Муму - [9]
Ерошка взял палку и сел на последнюю ступеньку лестницы. Толпа разошлась, исключая немногих любопытных и мальчишек, а Гаврила вернулся домой и через Любовь Любимовну велел доложить барыне, что все исполнено, а сам на всякий случай послал форейтора к хожалому. Барыня завязала в носовом платке узелок, налила на него одеколону, понюхала, потерла себе виски, накушалась чаю и, будучи еще под влиянием лавровишневых капель, заснула опять.
Спустя час после всей этой тревоги дверь каморки растворилась, и показался Герасим. На нем был праздничный кафтан; он вел Муму на веревочке. Ерошка посторонился и дал ему пройти. Герасим направился к воротам. Мальчишки и все бывшие на дворе проводили его глазами, молча. Он даже не обернулся: шапку надел только на улице. Гаврила послал вслед за ним того же Ерошку в качестве наблюдателя. Ерошка увидал издали, что он вошел в трактир вместе с собакой, и стал дожидаться его выхода.
В трактире знали Герасима и понимали его знаки. Он спросил себе щей с мясом и сел, опершись руками на стол. Муму стояла подле его стула, спокойно поглядывая на него своими умными глазками.

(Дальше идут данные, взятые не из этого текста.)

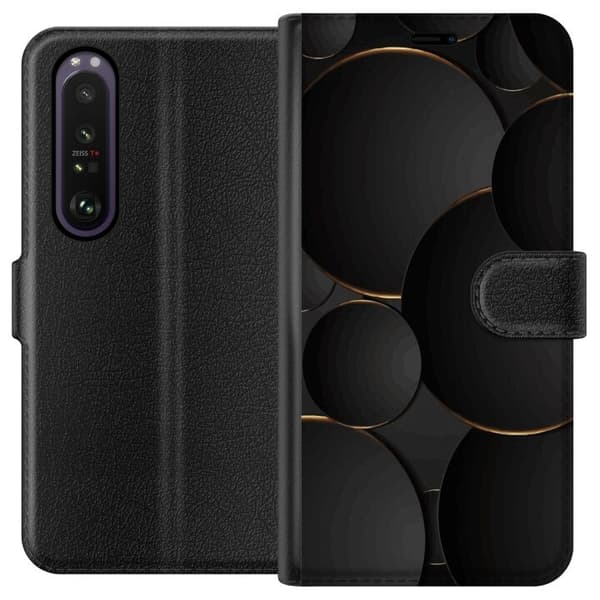 Pung Taske til Sony Xperia 1 III med Luksus Cirkler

Шерсть на ней так и лоснилась: видно было, что ее недавно вычесали. Принесли Герасиму щей. Он накрошил туда хлеба, мелко изрубил мясо и поставил тарелку на пол. Муму принялась есть с обычной своей вежливостью, едва прикасаясь мордочкой до кушанья. Герасим долго глядел на нее; две тяжелые слезы выкатились вдруг из его глаз: одна упала на крутой лобик собачки, другая — во щи. Он заслонил лицо своё рукой. Муму съела полтарелки и отошла, облизываясь. Герасим встал, заплатил за щи и вышел вон, сопровождаемый несколько недоумевающим взглядом полового. Ерошка, увидав Герасима, заскочил за угол и, пропустив его мимо, опять отправился вслед за ним.

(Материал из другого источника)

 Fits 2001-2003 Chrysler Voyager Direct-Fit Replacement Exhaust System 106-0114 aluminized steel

Герасим шел не торопясь и не спускал Муму с веревочки. Дойдя до угла улицы, он остановился, как бы в раздумье, и вдруг быстрыми шагами отправился прямо к Крымскому броду. На дороге он зашел на двор дома, к которому пристроивался флигель, и вынес оттуда два кирпича под мышкой. От Крымского брода он повернул по берегу, дошел до одного места, где стояли две лодочки с веслами, привязанными к колышкам (он уже заметил их прежде), и вскочил в одну из них вместе с Муму. Хромой старичишка вышел из-за шалаша, поставленного в углу огорода, и закричал на него. Но Герасим только закивал головою и так сильно принялся грести, хотя и против теченья реки, что в одно мгновенье умчался саженей на сто. Старик постоял, постоял, почесал себе спину сперва левой, потом правой рукой и вернулся, хромая, в шалаш.
А Герасим всё греб да греб. Вот уже Москва осталась назади. Вот уже потянулись по берегам луга, огороды, поля, рощи, показались избы. Повеяло деревней. Он бросил весла, приник головой к Муму, которая сидела перед ним на сухой перекладинке — дно было залито водой, — и остался неподвижным, скрестив могучие руки у ней на спине, между тем как лодку волной помаленьку относило назад к городу. Наконец Герасим выпрямился, поспешно, с каким-то болезненным озлоблением на лице, окутал веревкой взятые им кирпичи, приделал петлю, надел ее на шею Муму, поднял ее над рекой, в последний раз посмотрел на нее… Она доверчиво и без страха поглядывала на него и слегка махала хвостиком. Он отвернулся, зажмурился и разжал руки… Герасим ничего не слыхал, ни быстрого визга падающей Муму, ни тяжкого всплеска воды; для него самый шумный день был безмолвен и беззвучен, как ни одна самая тихая ночь не беззвучна для нас, и когда он снова раскрыл глаза, по-прежнему спешили по реке, как бы гоняясь друг за дружкой, маленькие волны, по-прежнему поплескивали они о бока лодки, и только далеко назади к берегу разбегались какие-то широкие круги.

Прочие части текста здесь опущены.